Auf das Vorbringen des Beschwerdeführers, er habe mittlerweile die Deutschprüfung auf dem Niveau A2 bestanden, war schon deshalb nicht weiter einzugehen, weil es sich dabei um eine im verwaltungsgerichtlichen Verfahren unzulässige Neuerung handelt. Gleiches gilt für sein Vorbringen, er habe in Österreich einen Cousin, welcher einen Aufenthaltstitel besitze. Auf eine schulische oder berufliche Aus- oder Weiterbildung in Österreich beruft sich der Beschwerdeführer nicht.
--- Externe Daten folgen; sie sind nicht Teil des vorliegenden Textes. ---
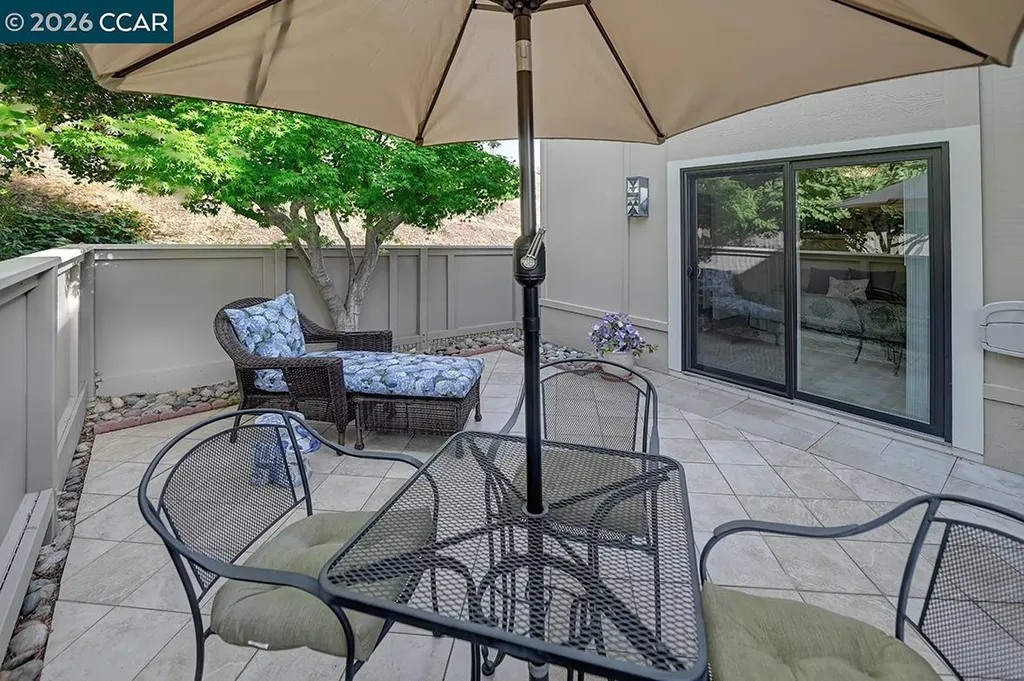 2017 Oakmont Way Walnut Creek CA 94595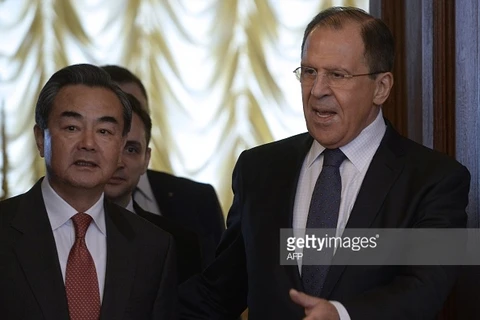 Ngoại trưởng Trung Quốc Vương Nghị (trái) và người đồng cấp Nga Sergei Lavrov. (Nguồn:AFP/Getty Images)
Soweit in der Beschwerde schließlich noch vorgebracht wird, der Beschwerdeführer sei krankenversichert, wird angemerkt, dass dieses Vorbringen unsubstantiiert bleibt und dass die behördliche Feststellung zum Fehlen eines Krankenversicherungsschutzes in den Verwaltungsakten Deckung findet.
Vor diesem Hintergrund erreichen die im Beschwerdefall vorliegenden integrationsbegründenden Umstände - auch unter Bedachtnahme auf den über siebenjährigen Inlandsaufenthalt des Beschwerdeführers und die zeitweise selbständige Erwerbstätigkeit -
noch keinen solchen Grad, dass von einem besonders berücksichtigungswürdigen Fall iSd § 43 Abs. 4 NAG auszugehen wäre.
Die Beschwerde war somit gemäß § 42 Abs. 1 VwGG als unbegründet abzuweisen.
Die Entscheidung über den Aufwandersatz beruht auf den §§ 47 ff VwGG sowie § 1 der VwGH-Aufwandersatzverordnung 2008, BGBl. II Nr. 455, iVm § 3 Z 1 der VwGH-Aufwandersatzverordnung 2014 idF BGBl. II Nr. 8/2014.